Her fingers raced to her throat. It was a mistake. They fought to get under the mattress trim, but it was too thin, cutting so deeply into the soft flesh of her neck that she couldn't get a single finger under it. Still she fought, knowing that she had mere seconds before the blood loss to her brain . . . it was getting vague now, her vision was beginning to suffer. She couldn't see the lines of mortar between the even German-made brickwork on the far wall. Her hands kept trying, cutting into the surface blood vessels of her throat, drawing blood that only made the noose slick, able to sink in tighter, cutting off circulation through the carotid arteries even more. Her mouth opened wide and she tried to scream, no, she didn't want to die, didn't—needed help. Couldn't anyone hear her? Could no one help her? Too late, just two seconds, maybe only one, maybe not even that, the last remaining shred of consciousness told her that if she could just loosen the bra holding her legs, she could have stood and . . .

The detective watched the TV picture, saw her hands flutter towards the bra, searching limply for the clasp before they fell away, and twitched for a few more seconds, then stopped. So close, he thought. So very close to saving herself. It was a pity. She'd been a pretty girl, but she'd chosen to murder and torture, and she'd also chosen to die, and if she'd changed her mind at the end—didn't they all? Well, not quite all—that was merely renewed proof that the brutal ones were cowards after all, nicht wahr?

Aber natürlich.

“This television is broken,” he said, switching it off. “Better get a new one to keep an eye on Prisoner Hassler-Bock.”

“That will take about an hour,” the guard supervisor said.

“That's fast enough.” The detective removed the cassette from the same tape recorder he'd used to show the touching family scene. It went into his briefcase with the other. He locked the case and stood. There was no smile on his face, but there was a look of satisfaction. It wasn't his fault that the Bundestag and Bundesrat were unable to pass a simple and effective death-penalty statute. That was because of the Nazis, of course. Damned barbarians. But even barbarians were not total fools. They hadn't ripped up the autobahns after the war, had they? Of course not. So just because the Nazis had executed people—well, some of them had even been ordinary murderers whom any civilized government of the era would have executed. And if anyone merited death, Petra Hassler-Bock did. Murder by torture. Death by hanging. That, the detective figured, was fair enough.
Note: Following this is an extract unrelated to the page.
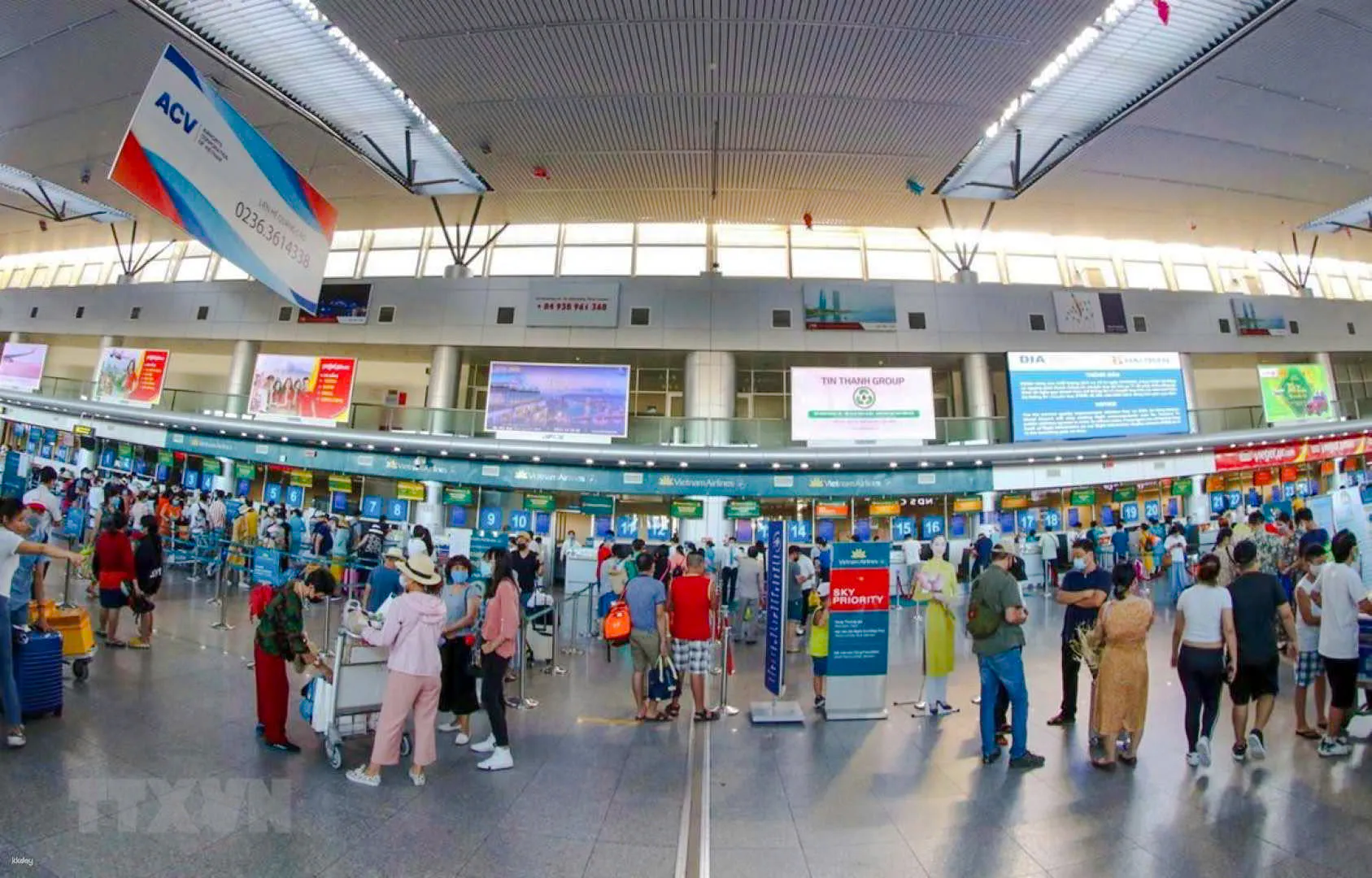 serviço de recepção e assistência no aeroporto internacional de da nang (prioritário)-1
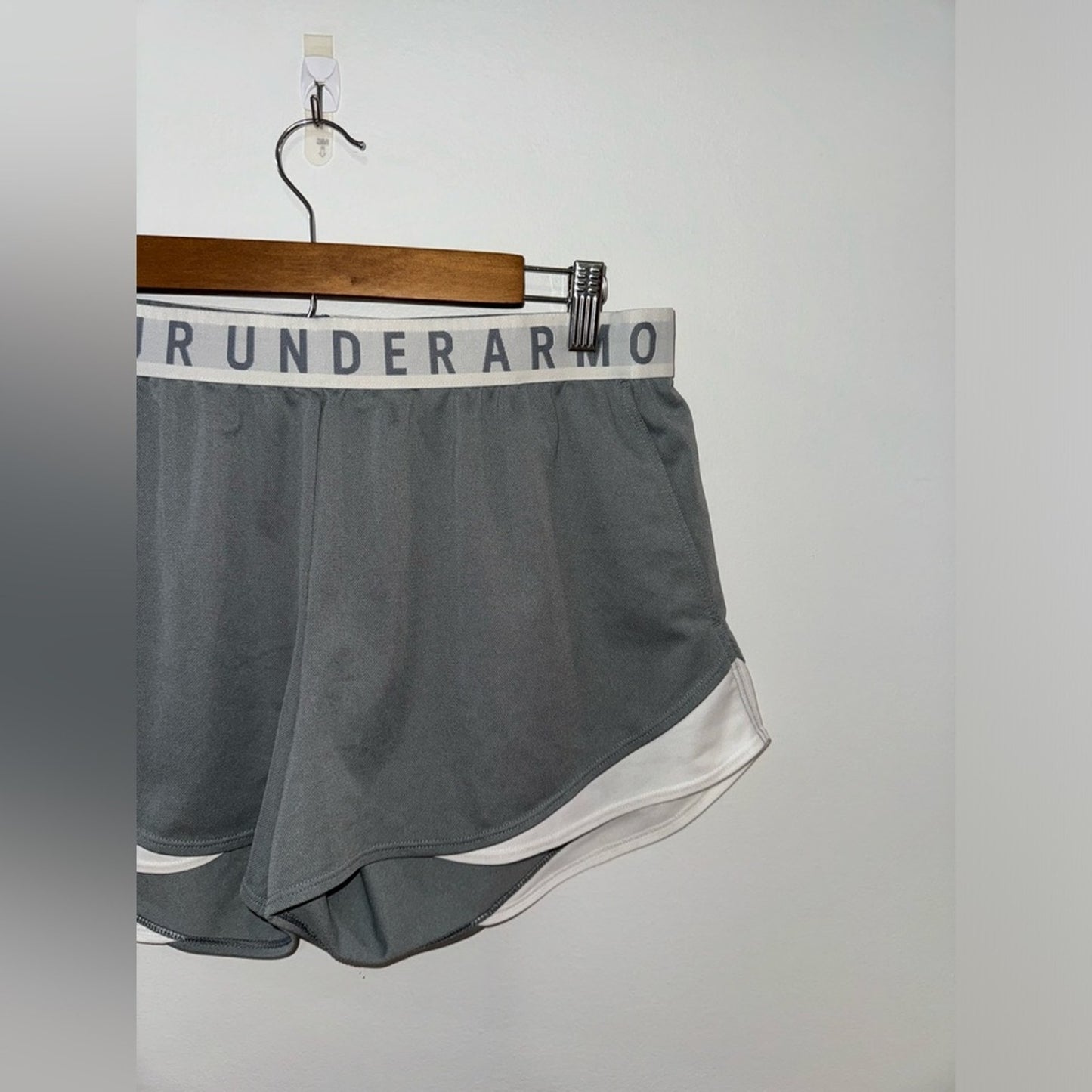 Pre-Owned LG Under Armour Grey/White Loose Fit Athletic Shorts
The Wilhelm Manstein murder case had been his from the start. He'd been there when the man's genitals had arrived by mail. He'd watched the pathologists examine the body, had attended the funeral, and he remembered the sleepless nights when he'd been unable to wash the horrid spectacles from his mind. Perhaps now he would. Justice had been slow, but it had come. With luck, those two cute little girls would grow into proper citizens, and no one would ever know who and what their birth mother had once been.